WHAT YOU HAVE TO DO —
While leaving the pictures out, set down only the lines from the one with "Check spelling or" through the end of the records, exactly as they stand.

EXTRACTED RECORDS —
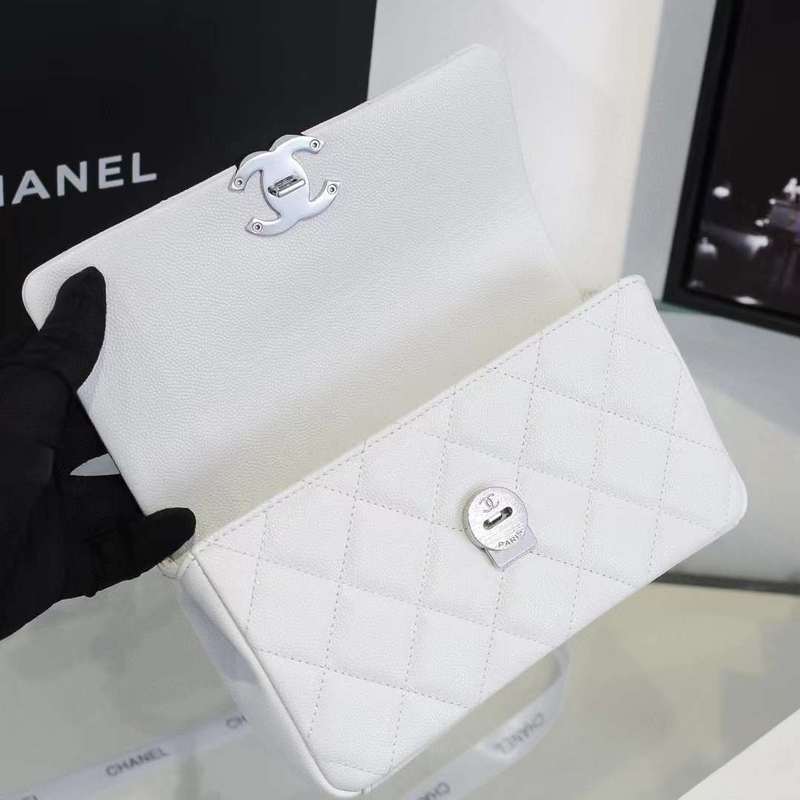 Amelia- CHL Bags - 6484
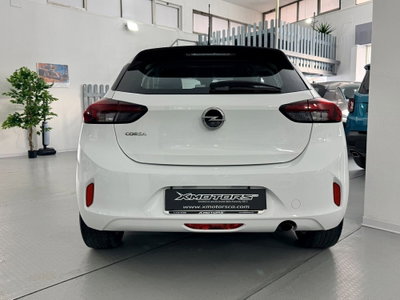 Opel Corsa 1.5 D 100 CV Edition (9)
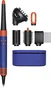 Dyson Airwrap i.d. Complete Long Violet/Topaz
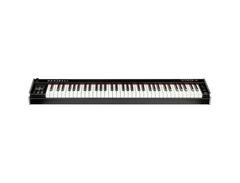 Dexibell VIVO S2 68-key Digital Stage Piano image 3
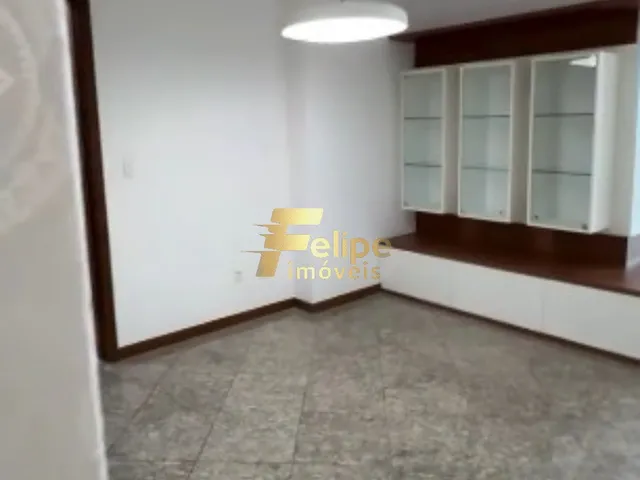 Imagem 2: BELÍSSIMO APARTAMENTO DE 03 QUARTOS, SENDO 01 SUÍTE, SUÍTE MASTER COM CLOSET, LAZER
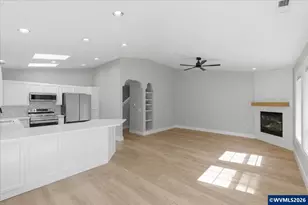 3185 Link Ct S, Salem, OR 97302 - Photo 19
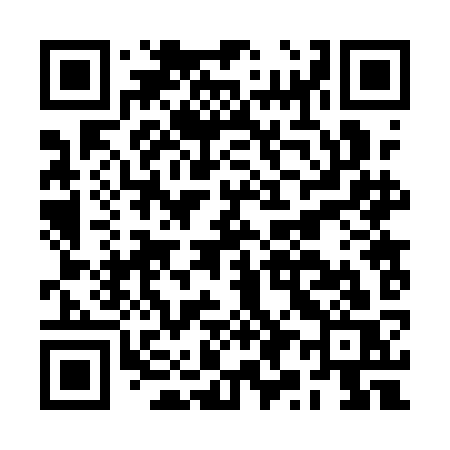 QR code for BY21KS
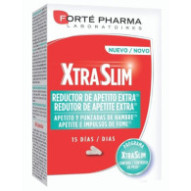Xtraslim Reductor De...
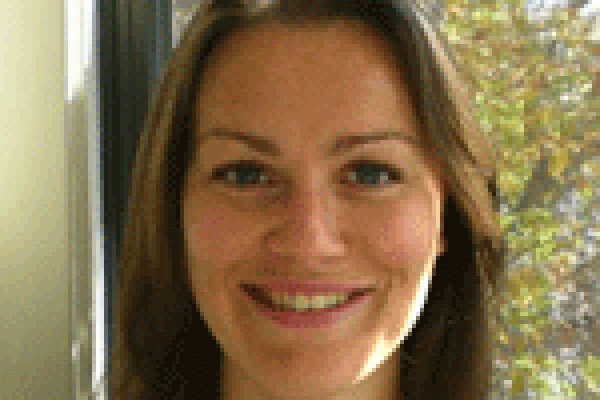 Elise Jennings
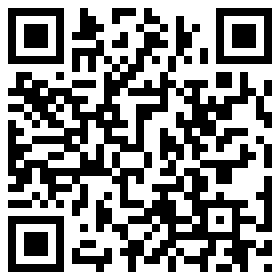 qrcode für rutec Licht GmbH & Co. KG 63078 end cap power feed FP5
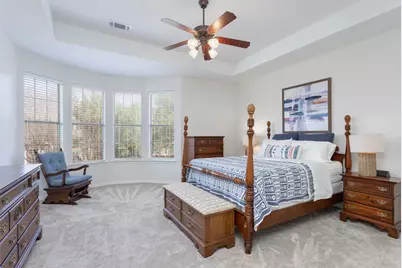 7816 Whippoorwill Drive, McKinney, TX 75072 - Photo 22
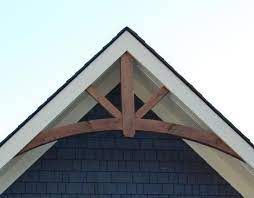 Check spelling or type a new query. Impressive Decorative Trusses 1 Decorative Gable Truss Cottage Exterior Gable End Decorative Gable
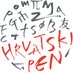 Hrvatski PEN centar 🇺🇦 (@hrvatskipen) Twitter profile photo Hrvatski PEN centar 🇺🇦 (@hrvatskipen) Twitter profile photo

PROBLEM SOLUTION —
 Check spelling or type a new query. Impressive Decorative Trusses 1 Decorative Gable Truss Cottage Exterior Gable End Decorative Gable
 Hrvatski PEN centar 🇺🇦 (@hrvatskipen) Twitter profile photo Hrvatski PEN centar 🇺🇦 (@hrvatskipen) Twitter profile photo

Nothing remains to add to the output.